Page 61 of Into the Blue
What I can’t trust is the destruction of an entire shipment due to a car accident that just so happened to affect only one vehicle. Police ruling it a hit and run. How does one car drive away unfazed while mine blew up like fireworks? Yesterday, while I was celebrating Drea’s opening, someone was plotting.
When the final embers of my blunt draw to an end, I toss the roach and crush it to the ground before I knock on the door with the end of my knife’s handle. Was gonna wait but try the knob instead and it opens without anyresistance.
As soon as I step into the house, the oxygen syphons out. There was a buzz about until everyone of his men began to notice that it was me standing in the doorway.
Colton glances up from his desk at the back corner of the room and stands a little too fast, his boots catching on the cracked floor tile. I don’t know why his house is so shitty when he’s making enough to do better. Colorado, especially Harmony Hill, has plenty of new builds that would be better than this dump. “Blue. Didn’t expect you until—”
“Until you fixed your shit?” I finish for him. My voice is low and quiet. The kind of quiet that people raise their shoulders to instinctively, like they’re waiting for the moment my mood will untether. “And yet here I am.”
He swallows. “It’s… almost under control.”
I turn my head slowly. “Almost? It’s November.”
“We’ve been tracking the routes already in place. It’s definitely not internal.” He clears his throat. “At least not on my side. Some of the runners you hired for the Colorado expansion—”

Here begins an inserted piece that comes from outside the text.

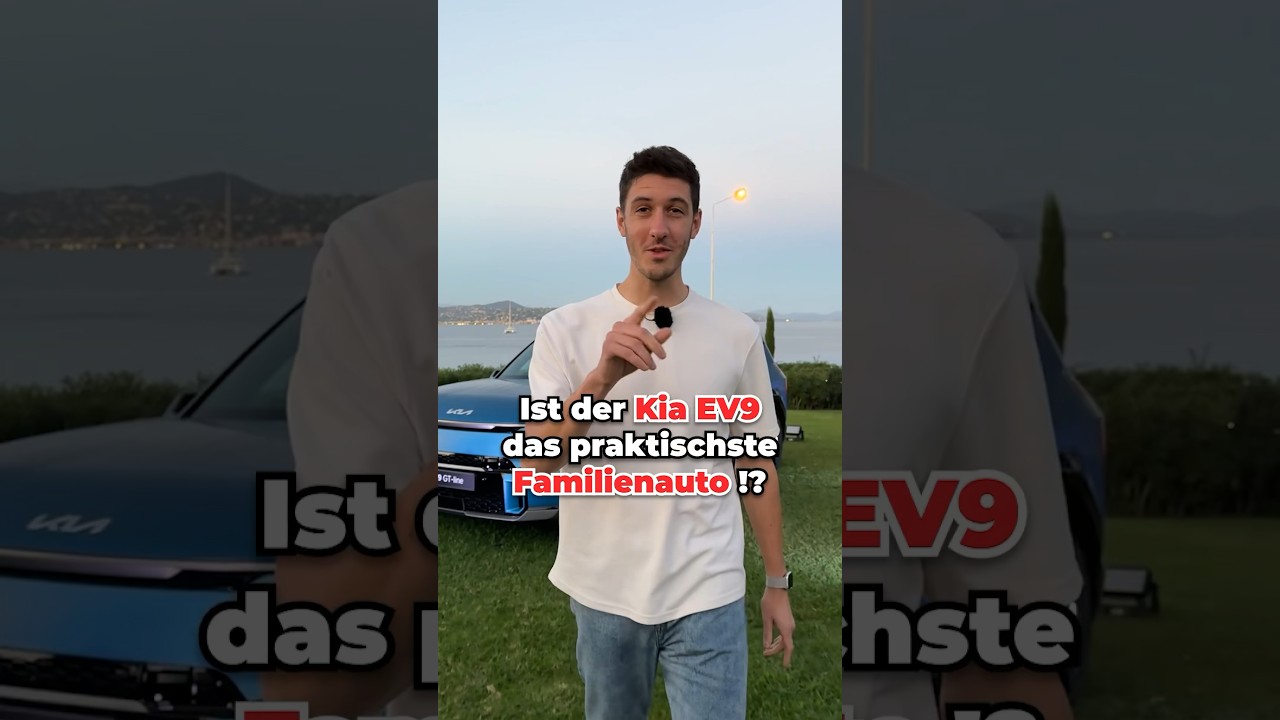 Das praktischste Familienauto?! 🚙🤔 | #KiaEV9 #familienauto #familiensuv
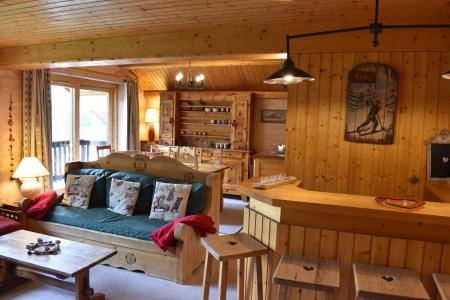 Location au ski Appartement 4 pièces 8 personnes (18) - Résidence l'Edelweiss - Méribel - Séjour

“Are dead,” I interrupt, taking another step forward. “Four of them. Van flipped. Burned. No product and no witnesses. That doesn’t feel like almost to me, Sheriff.”
His jaw tightens. I can see the twitch he tries to smother under his stubble. He gestures to another room in the house, away from his men. Guess he didn’t want them to hear me chew him out.
The pride’s still there.
Good.
I’ll enjoy cutting it out piece by piece. I decline his invitation to move to the other room.

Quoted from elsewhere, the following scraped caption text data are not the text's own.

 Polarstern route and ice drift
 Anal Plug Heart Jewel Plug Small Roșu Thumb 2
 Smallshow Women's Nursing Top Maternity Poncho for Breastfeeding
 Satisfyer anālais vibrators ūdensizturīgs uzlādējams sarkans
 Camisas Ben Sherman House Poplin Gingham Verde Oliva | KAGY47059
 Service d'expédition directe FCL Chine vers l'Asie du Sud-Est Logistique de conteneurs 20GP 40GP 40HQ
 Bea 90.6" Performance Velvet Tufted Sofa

“Give me until the end of the year,” he says, eyes darting to his crew like they’re going to rescue him now. “I’ve got a plan in motion.”
“You had a plan last month,” I remind him. “And last month, my shipments were supposed to double. Instead, I’ve got more holes in my inventory and whispers about a rat you still haven’t caged.”
One of his men, a lanky thing with too much confidence and not enough sense, chuckles behind Colton’s shoulder.
I don’t even ask what was funny. I didn’t make a goddamn joke. I just turn, slow and deliberate. When I look at him, he freezes.
“What’s your name?” I ask.
He licks his lips. “Ricky.”
“Ricky.” I nod. “Mmmh. You like your job, Ricky?”
He blinks. “Y-yeah, I—”
I flip my grip on the knife in my hand and flick my wrist, sending the blade toward him. It lands right below his kneecap.
Colton shouts and another of Colton’s goons rushes to the guy.
Ricky screams like a dying pig, clutching his ruined leg, blood pouring onto the floor in a copious stream.
I walk over, crouch down next to him, and pull my knife, “See, Ricky… there’s a difference between people who work for me and people who make jokes while I talk about my dead men and my missin’ money. Guess which one you are.”
He sobs something incoherent.
I put the knife’s reddened blade under his chin. “You’re welcome to stay. But if you ever open your mouth in my presence again, the next hole won’t be in your leg.”
I stand after cleaning my knife off on his shirt and return it to its sheath.
Colton’s shock is clear as day with the pale cast to his light skin. “Jesus, Blue.” He runs a hand over his cropped hair.
“Don’t bring him into this,” I mutter. “Know who you work for.”